- GIVEN ENTRIES -
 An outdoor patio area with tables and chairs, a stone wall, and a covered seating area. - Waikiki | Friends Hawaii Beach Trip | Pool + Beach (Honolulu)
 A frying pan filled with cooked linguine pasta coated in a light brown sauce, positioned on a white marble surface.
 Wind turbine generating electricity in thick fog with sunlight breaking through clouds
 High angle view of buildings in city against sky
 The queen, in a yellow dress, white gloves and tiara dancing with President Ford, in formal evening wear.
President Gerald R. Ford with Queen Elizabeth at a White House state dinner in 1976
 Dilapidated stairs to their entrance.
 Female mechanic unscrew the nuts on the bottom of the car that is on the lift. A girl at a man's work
---
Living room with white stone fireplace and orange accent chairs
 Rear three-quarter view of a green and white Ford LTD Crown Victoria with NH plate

- THE TASK -
Within the listing above, locate the line containing "An outdoor patio" and the line containing "A frying pan". Reproduce those two lines and all lines between them exactly, with nothing added.

- OUTPUT FOR THIS TASK -
 An outdoor patio area with tables and chairs, a stone wall, and a covered seating area. - Waikiki | Friends Hawaii Beach Trip | Pool + Beach (Honolulu)
 A frying pan filled with cooked linguine pasta coated in a light brown sauce, positioned on a white marble surface.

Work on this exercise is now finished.